The most common dehydration techniques used in a standard laboratory are described below, see also Fig. 6.2.
Fig. 6.2

Diagram showing alternate options for laboratory dehydration. (a) Simple air exposure, (b) vapour control by exchanging well solution, (c) chemical exchange by serial soaking and (d) chemical exchange by soaking and slow equilibration Simple Air Exposure

This is the simplest dehydration method consisting in opening the crystallisation plate allowing the drops to dry for a certain amount of time prior to cryo-cooling (Fig. 6.2a). It is, of course, dependent on the ambient RH, temperature, size of the drops and chemical composition of the crystallisation solution. It is mainly responsible for the “I am getting better at harvesting crystals” syndrome, as with time, crystallographers either start harvesting faster (allowing for less dehydration in delicate samples) or they harvest numerous samples from an individual drop (allowing for the last ones to dehydrate more). It can also be induced during the final harvesting prior cryo-cooling by allowing the sample to dehydrate on the loop before the final plunge in liquid nitrogen. Uncontrolled dehydration is difficult to avoid but careful note taking and repetition is the key to getting to control or understand its effects. As crystals become more fragile, smaller and grown in smaller volumes the effect of dehydration by air exposure becomes more prevalent. Vapour Control by Exchanging Well Solution

This is probably the most controllable way of undertaking dehydration in the laboratory. It is, for obvious reasons, only possible in vapour diffusion crystallisation samples and relies on using the same crystallisation drop for the actual experiment. The idea is to replace the well solution with increased amounts of a desiccating solution (Fig. 6.2b). The new solution will lower the water vapour pressure and in return “pull” water out of the crystallisation drop inducing a change in the crystals. This is normally undertaken by using some of the standard saturated calibration salt solutions but can also be done using crystallisation precipitants. Depending on the volumes available, dehydration can be achieved by simple addition of salts to the pre-existing well buffer or by replacing the well with a totally new solution. Dehydration is a slow and gradual process most of the time, which depends on the drop size and well volume. It can be undertaken in one single step or in progressive steps and normally, after a period of equilibration (normally between 8 and 24 h), samples are harvested and stored for data collection. The most attractive feature of this dehydration method is its simplicity and easy implementation. It can be undertaken whenever samples are available and once the optimal conditions are found it is very easy to reproduce. It can be achieved at any temperature and in general the presence of highly volatile compounds in the crystallisation solutions is not a concern. Dehydration by Chemical Exchange of Crystallisation Droplet

As discussed earlier, this process is potentially happening during the standard cryo-cooling or soaking procedures (Fig. 6.2c,d). The main difference between this and the previous method described (Sect. is that here it is possible to change the chemical components of the crystallisation drop and not only the concentration of the pre-existing ones. This procedure opens the possibility that the chemical used for dehydration alters the structure and/or the resulting diffraction by chemical modification rather than dehydration. In addition, the rate of exchange is more difficult to control and normally carried out by slow diffusion of buffers with increased concentration. If crystallisation droplets are very small, it is easy to cause a shock on the crystals, therefore pre-mixing solutions to the target concentration can sometimes help. The simplest way of chemical dehydrating is by dialysis. This only requires replacing the solutions and, due to the dialysis membrane, it is very gentle and controllable.

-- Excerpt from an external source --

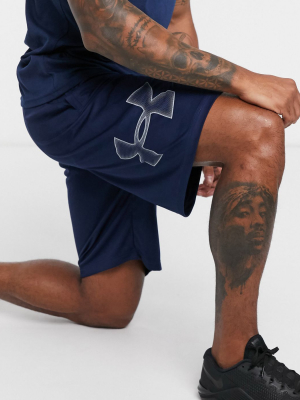 Under Armour Training Tech Graphic Logo Shorts In Gray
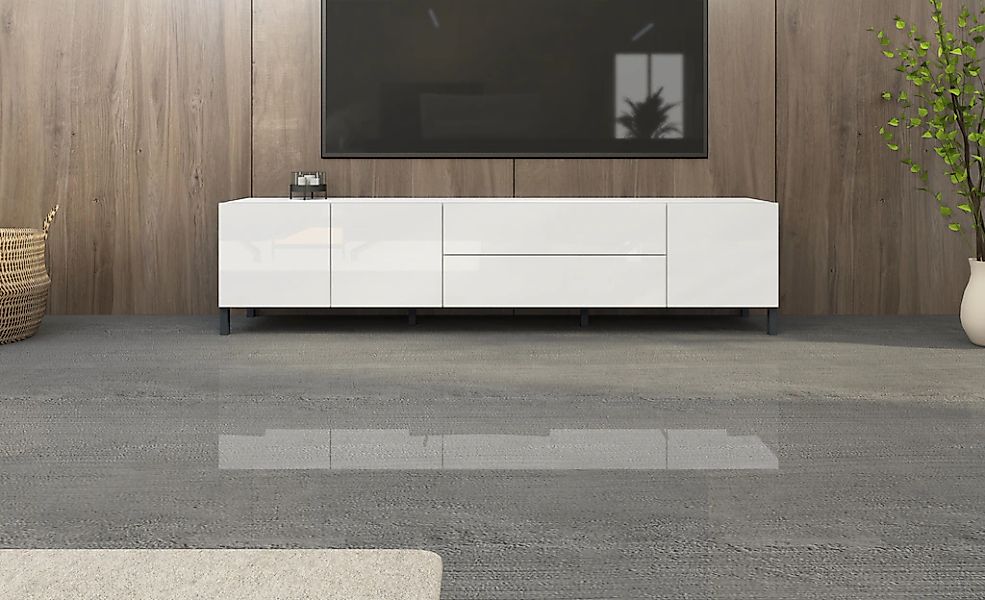 borchardt Möbel Lowboard "Sophia, Tv-Schrank Breite 190 cm" Metallfüße, gri günstig online kaufen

6.3.2 Modern Dehydration Methods with X-ray Feedback Capillary Dehydration

Dehydration performed in home laboratories, despite being the simple and cost effective, it is a partially blind process by the fact that is decoupled from the X-ray data collection. In addition, the cryo-cooling process undertaken after the dehydration procedure can muddle results.

This was noted early on in the use of macromolecular crystallography and initial attempts were made by developing tools that would couple salt-based vapour dehydration to the, then available, data collection using the capillary (glass or quartz) mounting method (Huxley and Kendrew 1953; Pickford et al.1993; Kiefersauer et al. 2000a, b). For a time, this proved to be useful (Rockland 1960; Dobrianov et al. 2001) but fell into disuse due to the high X-ray scatter background produced compared to loops. The technique was re-introduced a few years later (Mac Sweeney and D’Arcy 2003; Basavappa et al. 2003) by adapting new lower background capillaries (made of a transparent polymer) to the then standard pin-based mounts (Kalinin and Thorne 2005; Kalinin et al. 2005; Hellert et al. 2014) (Fig. 6.3a,d). The later method is cheap, easy to implement and very popular amongst researchers attempting to dehydrate whilst collecting X-ray data in-house and for simple cryo-cooling (Yao et al. 2004; Kim et al. 2007). As the mounts (MicroRT system – MiTeGen) are standard, the technique is also available at any synchrotron beamline where manual mounting is possible. It is most frequently used as a quick dehydration method and as an easy way of keeping samples stable during room temperature data collections.
Fig. 6.3

Methods of dehydration with X-ray feedback. (a) and (d) Capillary dehydration. (b) and (e) Free Mounting System. (c) and (f) The humidity control dehydration device (HC1)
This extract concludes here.